Aber ich meine auch, dass wir darüber nachdenken sollten, inwieweit wir nicht globale Gegeninitiativen in einem strukturellen Sinn angehen sollten. Es stellt sich die Frage und Aufgabe, wie weit wir bestimmte Probleme der sozialen Aneignung, die nur noch umfassend gelöst werden können, beispielsweise die Durchsetzung weltweiter Lohn-, Arbeitszeit- und Arbeitsschutzstandards, auch auf die globale Ebene transformieren können. Das setzt eine radikale Globalisierung der Gewerkschaften voraus, die ein Teil unserer Sozialbewegungen sind. Das ist ein Diskussionspunkt, an dem es Kontroversen gibt, die wir aber austragen müssen. Genauso geht es darum, die Aneignungsprozesse der Subsistenzökonomie im Süden zu globalisieren. Es geht darum, das Recht auf Gesundheitsgüter jenseits der Patentgesetzgebung, jenseits der Restriktionen der kapitalistischen Verwertungen des Gesundheitswesens für alle Menschen zugänglich zu machen. Des Weiteren gibt es global aber auch noch Aufgaben, die ich als Schadensbegrenzung oder Abwicklungsoperationen bezeichnen würde. Dringend geboten ist eine radikale Abrüstung und dafür ist es dringend notwendig, die Eskalation der Rüstungssysteme anzugreifen. Gerade hier hat medico international den größten Erfolg erzielt. medico war eine der wesentlichen Gruppierungen, die die globale Ächtung der Landminen durchgesetzt hat. Das ist eine enorme Leistung, und ich möchte allen dafür danken, die hier als Unterstützerinnen und Unterstützer von medico arbeiten. Denn ich habe selbst noch im Nahen Osten erlebt, wie Landminen wirken. Es ist furchtbar.

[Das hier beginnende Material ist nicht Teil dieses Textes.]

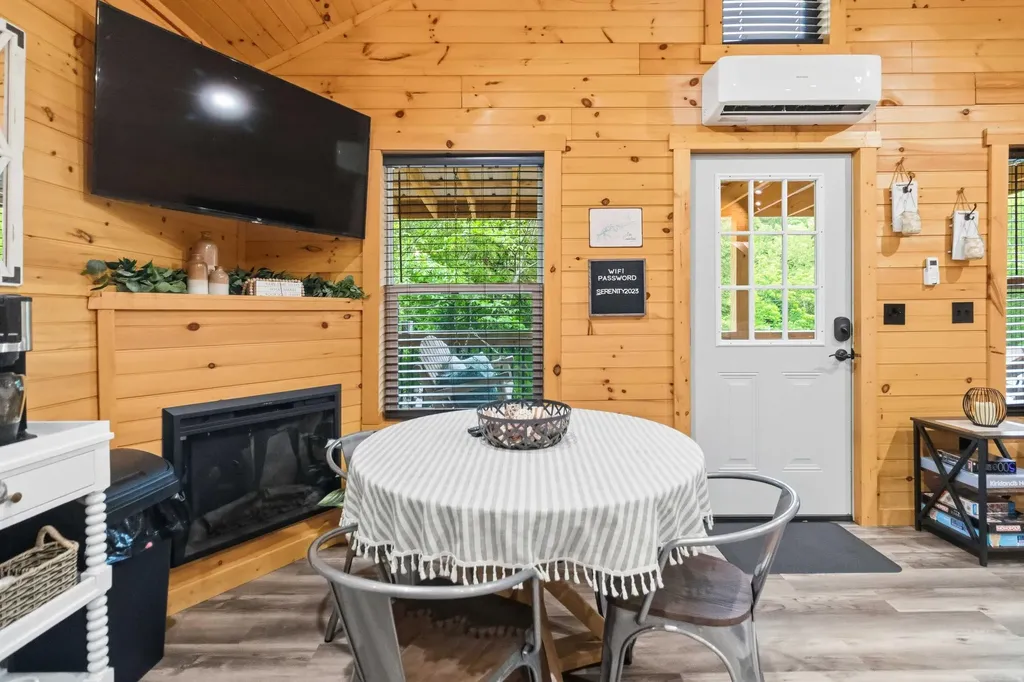 707 Little Indian Drive Jamestown KY 42629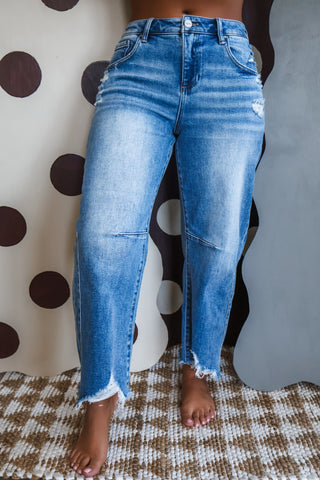 Jordan Distressed Barrel Jean • Medium Wash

Es gibt weitere Dinge, die nur global gelöst werden können: die Klimakatastrophe, der Klimaschutz, die Umweltkatastrophe. Es gibt die dringende Notwendigkeit, die massenhaften Flüchtlingsbewegungen zu unterstützen und den Kampf gegen die Grenzregimes und das Schengen-Regime aufzunehmen. All das sind Aspekte, wo wir Schadensbegrenzung und Abwicklungsoperationen zu leisten haben, um soziale Gleichheit, soziale Gerechtigkeit und soziale Egalität durchzusetzen. In diesem Sinn möchte ich wie Vandana Shiva vorhin auf den ehrwürdigen Begriff "Sozialismus oder Barbarei" verweisen, denn ich bin der Meinung, dass es Hoffnung gibt. Wir sollten daher global und lokal vernetzt neue Initiativen starten. Und wir sollten dabei unsere Schritte genau durchdenken, um Koordinationsprozesse in Gang zu bringen, die die globale Gegenmacht gegen den entfesselten Kapitalismus stärken und eine Transformation des Weltsystems in die Wege leiten.

Karl Heinz Roth ist Arzt und einer der bekanntesten kritischen Sozialhistoriker Deutschlands. Sein 2005 erschienenes Buch "Der Zustand der Welt" skizziert auch Träger und Perspektiven antikapitalistischer Transformationsprozesse.